I thought that this year's crazy storm came and went in late December when a tornado ripped through a nearby town and completely destroyed some homes and ripped roofs off of others. But we had a crazy April too. We had a storm one evening where it sounded like sheets of ice were falling onto our house. And that's basically what was happening. I've never heard anything like it. Jake and I ran upstairs screaming at each other (because we couldn't hear otherwise) to get the children. We scooped them out of bed and ran downstairs to get into our storm closet. Poor kids. But I wasn't going to chance it with what we'd seen and heard about from December's storms. They were so good. And it was scary outside. By the time it all passed, we were able to easily put everyone back to bed and witness the huge pile of hail that had poured off our roof onto our back porch. It was crazy. By the time it all melted, there was quite the pile of roof composite that had come with it. A floodlight had been shattered, our drain pipes were all dented, and one side of our fenced had been beaten up pretty badly. Jake's car was outside at the time, (and his face was not happy when I reminded that it was sitting at just the right angle behind the low hill next to us, or something. Regardless, I was thankful not to have more hail damage. As it is, we've got to get a portion of our roof replaced once the storm season is over.

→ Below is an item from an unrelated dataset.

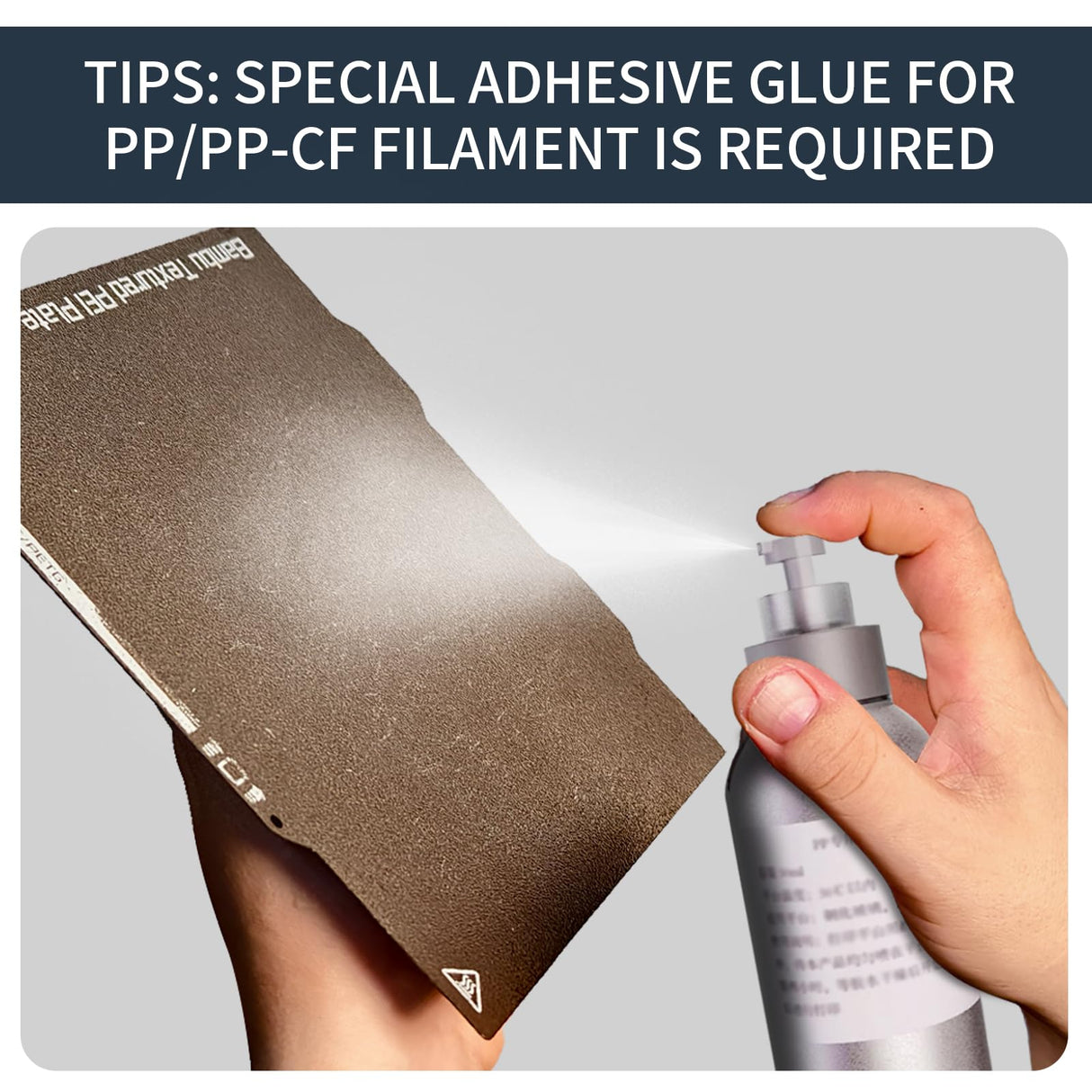 Carbon Fiber Polypropylene Filament 1.75mm, TINMORRY PP-CF 3D Printing Filament, Compatible with Bambu FDM 3D Printer, Net Weight 700g 1 Spool, Matte Black TINMORRY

A very short time later, we were hit with another hail storm and very glad that we hadn't yet fixed our roof from the first one. These hail stones were much bigger. Oddly enough, they didn't do as much damage. Although the stones were huge (at least golf ball size), they had air pockets in them so the density didn't hit like it could have. The story was very different in other areas around us, however. We had friends with chunks of their roof on the ground or in their pool. In the nearby city of Wylie, they had baseball sized, solid ice hail stones. These stones were not only crashing through windows, they went straight through roofs. Our friends who moved there recently had twenty holes in their roof where hail slammed straight through. The community moved to see what they could do to help people get situated until things could get straightened out. The rain wasn't finished over the next couple of weeks, so some of these homes had tarps on the roof and windows boarded up to keep their homes from further damage. The cars outside at the time there were done for.
These stones were from the second storm. We have a video of our children jumping on the trampoline with the hail.